Fair continued with Shadows Fall as his main priority, and the band released several more records. On April 29, 2006, Overcast reunited to play at the New England Metal and Hardcore Festival. The band then announced and re-recorded archive material and two new tracks, produced by metal producer Nick Raskulinecz, under the name Reborn to Kill Again.

Shadows Fall's fifth record, Threads of Life, was released on April 3, 2007, through Atlantic Records and Roadrunner International. The album debuted at number 46 on the Billboard 200. The song “Redemption” garnered Fair and the band a second Grammy Award nomination for Best Metal Performance during The 50th Annual Grammy Awards. Fair stated "The song is a celebration of the power of music and the human voice as an agent of change and to have it recognized in such a way is incredible."

Fair also worked with Necro, an underground hip hop musician and producer, on his album entitled Death Rap. Fair appears on Death Rap's fifth track, "Suffocated to Death by God's Shadow", with Mark Morton (Lamb of God), Mike Smith (Suffocation), and Steve Di Giorgio (Death).

The sixth studio album from Shadows Fall, titled Retribution, was released on September 15, 2009, and the seventh, titled Fire from the Sky, on May 15, 2012. In August 2014 Shadow Falls announced they would be going on a Farwell tour and go on a indefinite hiatus.

On June 22, 2021, Fair confirmed that Shadows Fall were reuniting for their first show in over half a decade at the Worcester Palladium on December 18.

In December 2021, when asked by the Podioslave Podcast if there will be new music from Shadows Fall, Fair said, "We've talked about writing stuff, and there's a very definitive Shadows Fall approach to writing. So if Matt or Jon or Paul had ideas that really made sense, I'd see us pursuing 'em. But nothing right now. All we wanted to do is get through this show — we wanted to get through it, see if we could pull it off, see how it went. And now we're, like, 'Okay, now we can think about if we wanna do something else.' But nothing planned right now. I know Jon and Matt are riff machines — I'm sure they've got stuff — but they do also have other projects they're working on too… But right now we're just kind of recovering a little bit, trying to make sure I get my neck back in shape."

In a 2023 interview with Blabbermouth.net he announced the band was working on new material. On December 6, 2024, the band released new material for the first time in 12 years a single titled "In the Grey."

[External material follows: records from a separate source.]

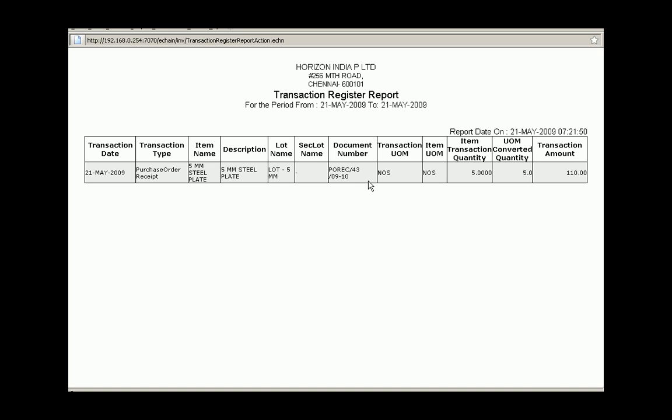And this is the report that it generates once we go ahead and select it. As you can see, converted quantity, we've got five, transaction amount there, 110. So you can see this transaction actually did take place in the system as we processed earlier.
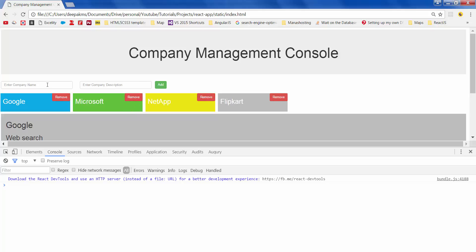In the next video, let's enter new company name and description and add a new company to this list. Stay tuned and subscribe. Cheers.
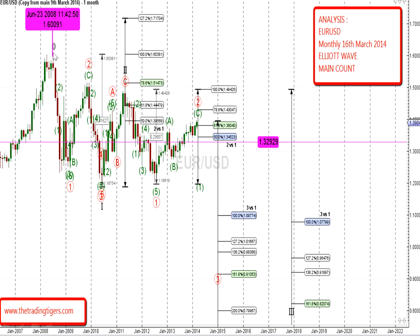We've started our wave count at 0.0 on the 23rd of 2008. The cycle degree is the main wave. Wave 1 had completed in May 2010, and its subwaves 1, 2, 3, 4, 5 have been completed. You can see this is the primary wave structure shown in red circles.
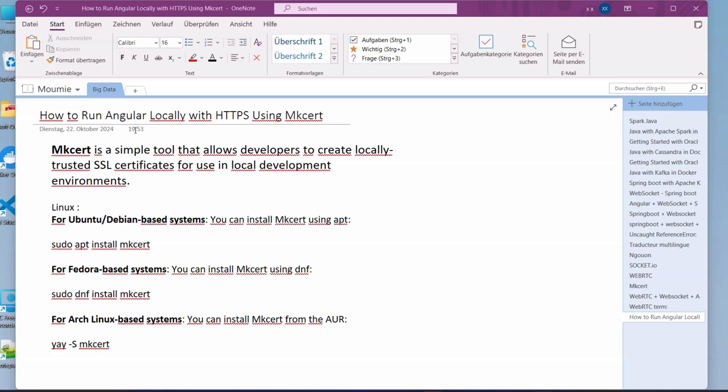Hi, welcome to this new video tutorial. Today we are going to dive into a new topic and that is how to run Angular locally with HTTPS using mkcert.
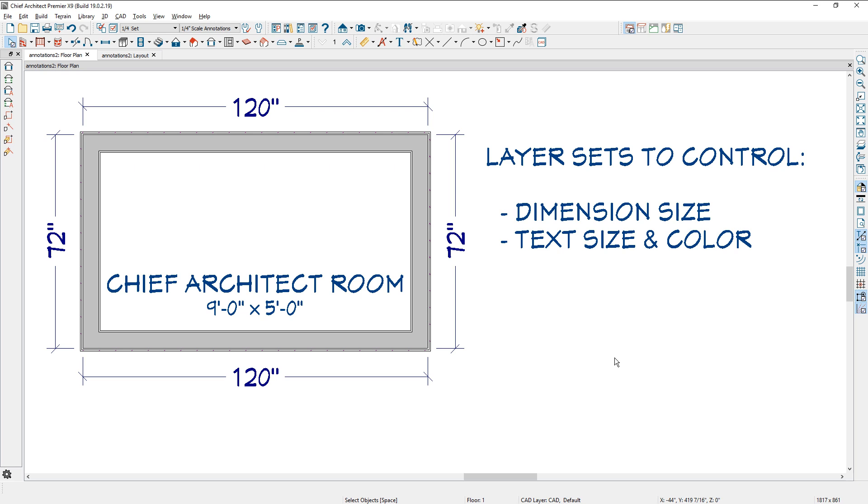In this video, we're going to take a look at using layer sets to control your dimension size and your text size and color.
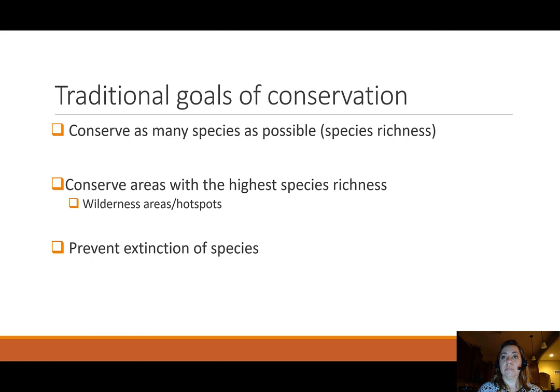Finally, probably the biggest goal of conservation is to prevent the extinction of species. The big idea is that we want to prevent extinction, which means we have to conserve areas with the highest species richness and conserve as many species as possible. This is a lofty goal that conservation biologists are always striving to achieve. Keep this in mind, because those goals might change depending on how you look at conservation. Please come with questions and I will see you soon — take care!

In 2025 Springfield Mayor Domenic Sarno, declared July 18, "Shadows Fall Day". The proclamation ceremony took place before the band’s set at the MassMutual Center, where they opened for Lamb of God. During their set, Fair held up the proclamation thanking the community for the recognition.

=== Other projects ===
In January 2003, a new space rock project called Transient was formed. Transient saw Fair taking a break from vocals, this time playing the guitar and the drums instead. Fair was reunited with Overcast member Scott McCooe, who was now playing bass. Transient released a three song demo, whose tracks were recorded by Pete Rutcho of Blistered Earth, in November 2004. This is Transient's only material to date.

Death Ray Vision is an American hardcore punk band from Massachusetts. The band includes members and former members of the bands Killswitch Engage, Shadows Fall, Cannae, Seemless, and Overcast. The band released their first studio album titled We Ain't Leavin' Till You're Bleedin in 2013. The band also released an EP in 2011 titled Get Lost or Get Dead. In 2018 the band released a second LP titled Negative Mental Attitude. However Fair left the band that same year.

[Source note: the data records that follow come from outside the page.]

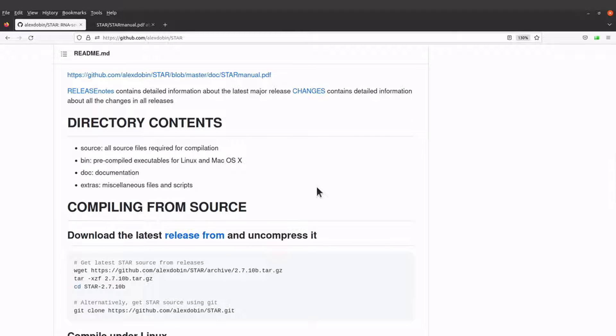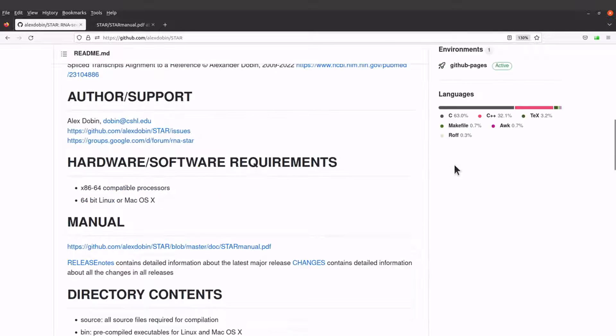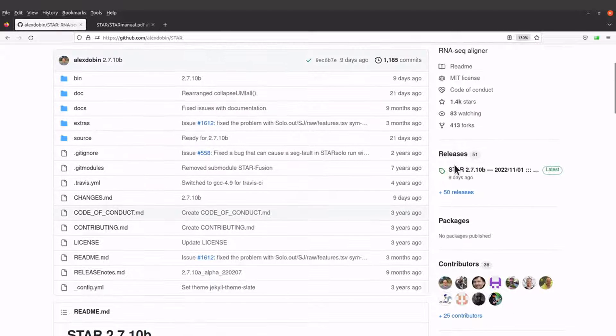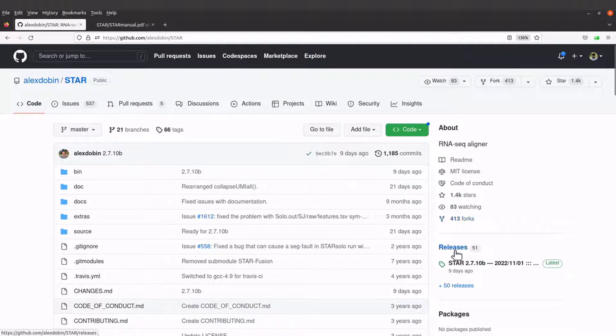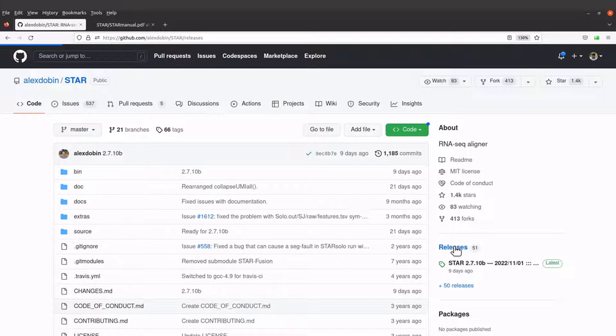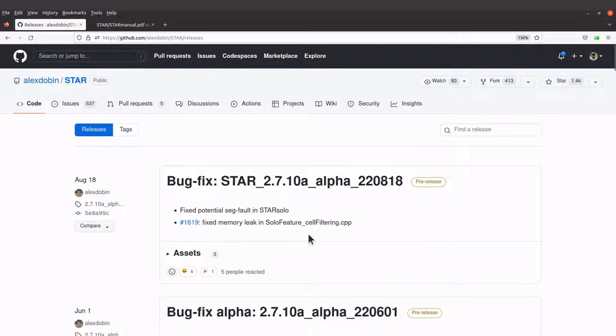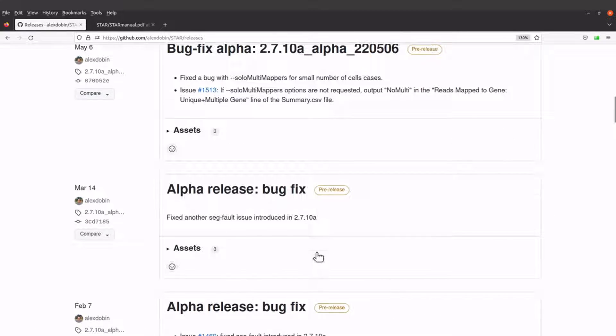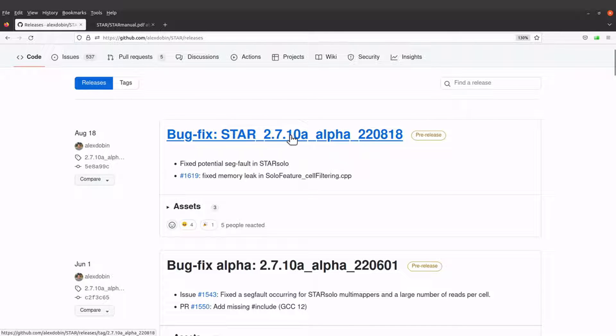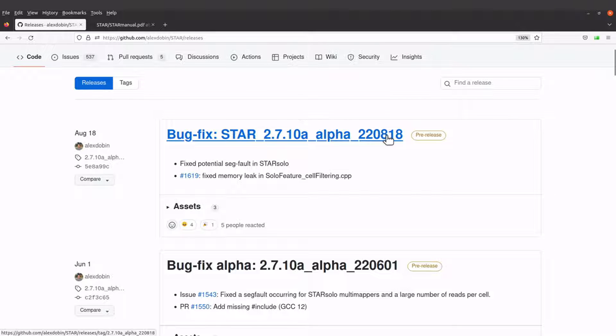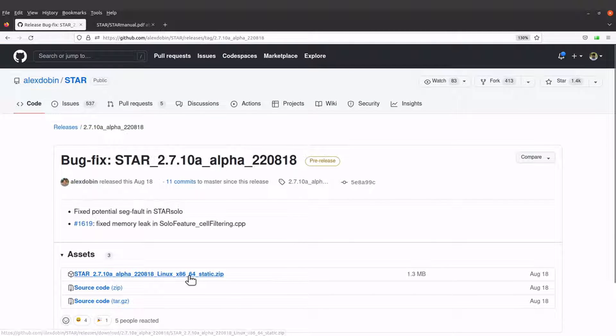First of all, we need to get the executables, so we have to go to the releases page. Let's scroll up and then let's go to the releases page. This is the latest release, but I want us to use this one here. So click on releases and then this will give us the latest release as well as the previous releases. But we will use this one here, the 2.7.10a, this one here which is 220818.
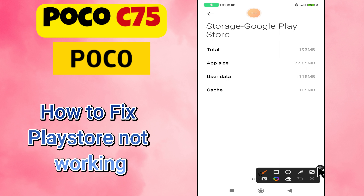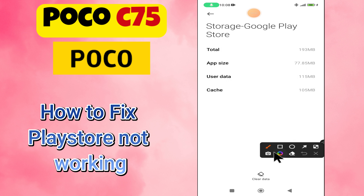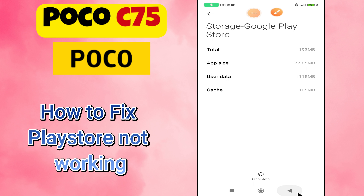Hey everyone, in this tutorial I will tell you how to fix the Play Store not working and downloading apps problem in POCO C75. Before we move to this video, please subscribe for more videos and watch the complete video. Also press the bell icon. Now let's start our video without wasting any time.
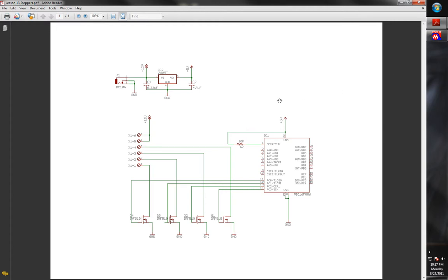Hello and welcome back to part two of our lesson 13 in stepper motors for PIC microcontroller construction and software development. We will be now looking at the software to go with our stepper motor controller. Just to recap, we've got our four different transistors which are going to be our switches for our different coils that are in our stepper motor, and they're connected to C0, 1, 2, and 3 of our micro.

In 2016 Fair is signed with St. Louis hardcore band Hell Night, and has released multiple anlbums with the group. He also works in the music industry as a rep for Alvarez Guitars, Dixon Drums, and a number of other instrument lines.

In 2018, Fair collaborated with Derek Kerswill, Matt LeBreton and Pete Gelles to form the band Downpour. In 2014, they released their first single "The Serpent's Tongue" followed by "Beautiful Nothing" in August 2017. Their debut self titled album was released in September 2018. In 2024 they released a new Ep titled Kill the Mind.

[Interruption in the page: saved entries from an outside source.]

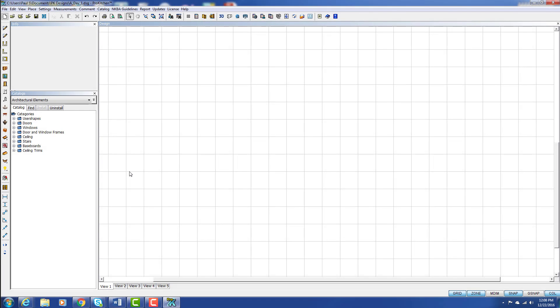Welcome to ProKitchen Video Tutorials. In this tutorial, we're going to take a look at the ProKitchen Catalog Initializer.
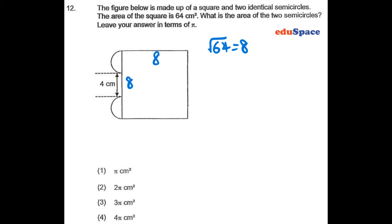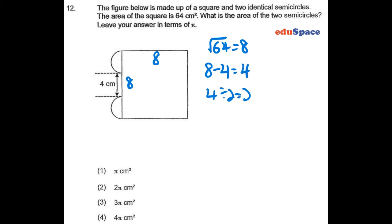To find the area of the two semicircles, we first need to find the radius. We take 8 minus 4 equals 4, and 4 divided by 2 equals 2. This 2 will be here, so to find the radius, we take 2 divided by 2, which equals 1 cm.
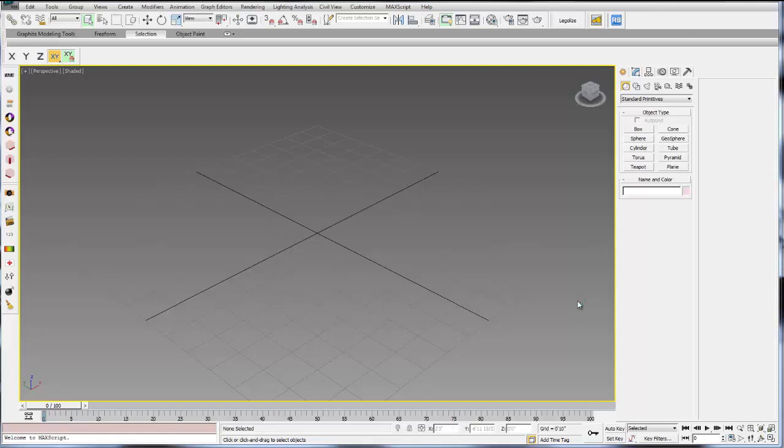In this tutorial, we're going to cover the basic user interface and navigation of 3ds Max.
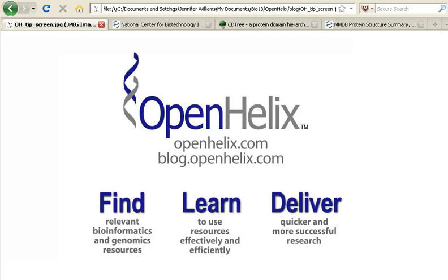Welcome to this tip of the week. I'm Jennifer from OpenHelix. If you're viewing this movie somewhere other than at our blog, be sure to check out the post at blog.openhelix.com so that you can see the full discussion with links and references.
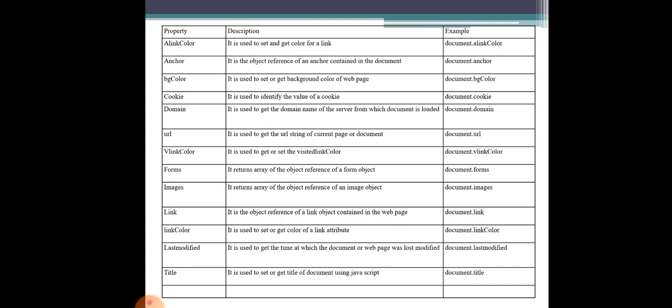Using the document.domain property, you can simply retrieve the domain name of the page. This is the document domain name property.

== Style and lyrical themes ==
Fair is known for his dynamic vocal range, using screams, shouts and harsher vocals often especially in heavier, aggressive passages but also mixes in clean/melodic vocals. His vocals have been described as “gritty, and Hetfield influenced singing as well as his harsh vocals and bright, emotive clean singing.”

Fairs lyrics touch upon Internal Struggle, Spirituality, politics and personal topics. In an interview he stated that his lyrics with Shadows Fall are influenced by "life experience and a cumulative of acquiring knowledge through different readings and philosophy." Fair has often stated that the music (riffs, tempo, style) sets the vibe that lets lyrics go in a certain direction. For example, in Fire From the Sky, he mentions the music had an eerie dark vibe so the lyrics followed.

== Personal life ==
Fair is married and has a son and a daughter. Fair excerises regularly and is a fan of the Boston Celtics, usually wearing their jerseys during live shows.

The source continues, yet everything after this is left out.